What the exercise asks: Please output only the lines running from the one that contains "Fototapeta premium A" through the last line of the data below, exactly as they stand, with no pictures.

Source material:
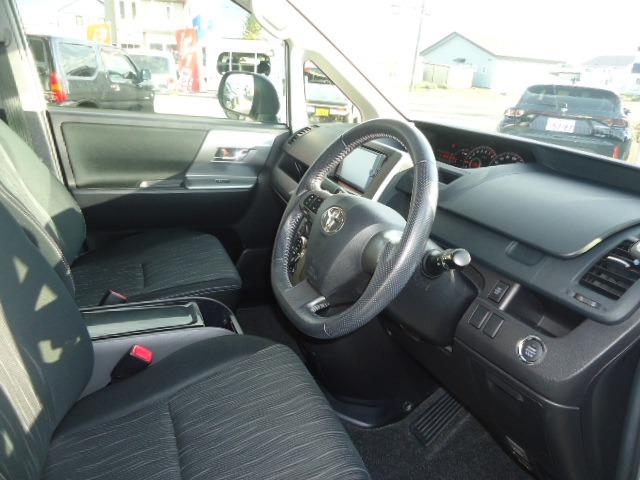 ヴォクシー ＺＳ　煌ＩＩＩ　４ＷＤ（12枚目）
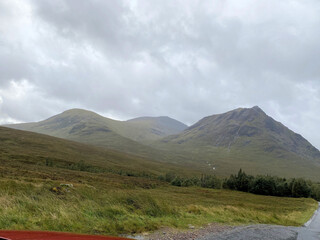 Fototapeta premium A view of the Scottish Countryside at Glencoe on a cloudy day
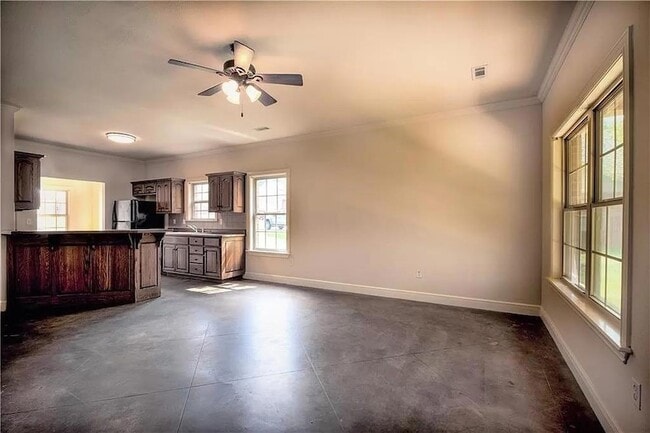 Building Photo - 1834 W Creekmore Dr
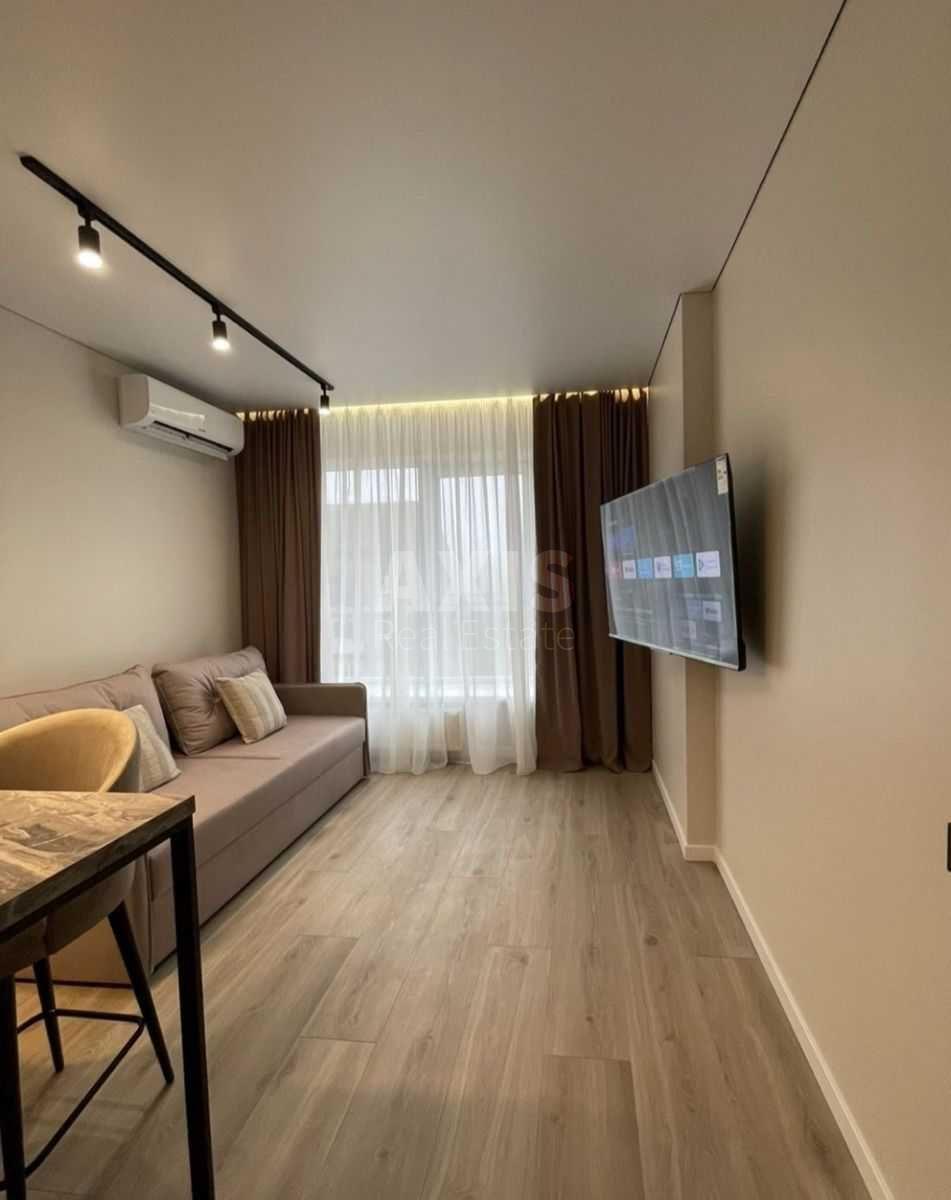2k apartment vul. Antonovycha 109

Response box:
 Fototapeta premium A view of the Scottish Countryside at Glencoe on a cloudy day
 Building Photo - 1834 W Creekmore Dr
2k apartment vul. Antonovycha 109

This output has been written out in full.